Sunday, April 12, 2009

Part 1--Conrad Schumacher--Training of the Young Horse

Here's the first of my notes from the Conrad symposium I attended last month in Redmond, Washington. I apologize if my notes aren't complete, but it was in the thirties and freezing making it hard to write.

The symposium started with the basic training of the young horse. Included in the demonstration: a 4-year-old horse 6 months under saddle and a 6-year-old warmblood.

Conrad stressed the young horses need three things:

  1. Patience
  2. Patience
  3. Patience

How Conrad starts his young horses: A dressage horse is at its peak at 14-16 years old, and pretty much done at 21-22. He starts them at 3, puts them out to pasture, then brings them back at 4. The best work starts at 5. He doesn’t show his horses in the young horses classes at 5 as they aren’t ready.

A horse never makes a mistake on purpose. There is no reason for punishment, except in dangerous situations. Convince the horse by being nice to them. WB’s can be a bit of bullies when they’re young.

In the beginning of the ride, let them move in a big, regular forward trot. Keep the neck long so the horse can come over the back.

American type horses (non WB) can’t necessarily get over the back by going more forward. They go a little crazy, fall on the forehand and begin to run. A WB needs to be ridden into the hand.

A horse is only honest in the neck when he learns to push against the hand (when they give in and push away from the bit). You can ride bigger when the neck is softer. Make horse’s neck round with the inside leg. Turn on forehand works on spine and should make horse softer in neck.

Good exercises

  • Leg yield on the wall then turn on forehand (makes horses that are strong in the hand soften). In 5 minutes, the horse will go longer in the neck.
  • Trot, stop, turn on forehand, trot in the opposite direction. Horse should give in neck.
  • Setup trotting poles on one half of a 20-meter circle. Canter half of the 20-meter circle then trot over poles on the other half of the 20-meter circle. Repeat until horse trots over poles without changing speed or head and neck position.
  • Do lots of transitions when warming up. Mouth starts to foam and horse starts moving better. Do both sides. Let him stretch down and come to walk.
  • Before trotting, give the horse a warning: Inside leg at girth, flex neck slightly to inside, move haunches out. When he gives in the neck, trot as a reward. Inside flexion makes neck rounder.
  • Turn on forehand—softens the neck position.


mugwump said...

Jami - Could you explain "over the back?"
And how far along are the horses when you do the exercises listed?

Jami Davenport said...

Over the back means that the horse is stretched out through his body with his spine, neck, and tail forming a bow. When a horse is over the back, his back is up instead of being hollow.

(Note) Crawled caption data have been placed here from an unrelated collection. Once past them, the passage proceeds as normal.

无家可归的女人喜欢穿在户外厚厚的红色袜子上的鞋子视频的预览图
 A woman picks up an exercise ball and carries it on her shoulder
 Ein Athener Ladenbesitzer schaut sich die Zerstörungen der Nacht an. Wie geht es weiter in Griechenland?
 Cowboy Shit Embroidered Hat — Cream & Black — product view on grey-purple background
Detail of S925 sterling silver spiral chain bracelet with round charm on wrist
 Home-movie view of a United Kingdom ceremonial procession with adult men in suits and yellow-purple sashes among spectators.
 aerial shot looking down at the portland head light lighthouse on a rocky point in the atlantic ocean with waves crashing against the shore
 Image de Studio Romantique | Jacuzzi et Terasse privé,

I rechecked my notes, and I'm not sure when he'd recommend that these exercises be started. I'm guessing turn on the forehand could be started relatively early.

FD said...

I consider a horse to be working over the back when the stomach muscles lift which allows them to track up properly. If you watch a horse without tack on, it's easy to see - the belly comes up and the area of the back just behind the saddle flattens out and lifts slightly, then they step under and the forehand can lift and free the shoulders to move forward. I consider it different from being through, because a horse can work over the back, but still have a blockage in the neck / shoulder area that prevents them from truly being through.

I teach turn on the forehand very early on - mainly because I use it for gate opening.
Leg yield is generally considered the first lateral movement that you'd teach a young horse as a schooling exercise, and I start on that as soon as the horse can carry me in reasonable balance in w/t/c on a 20m circle. I like to introduce it in trot personally, ditto shoulder in when we get there.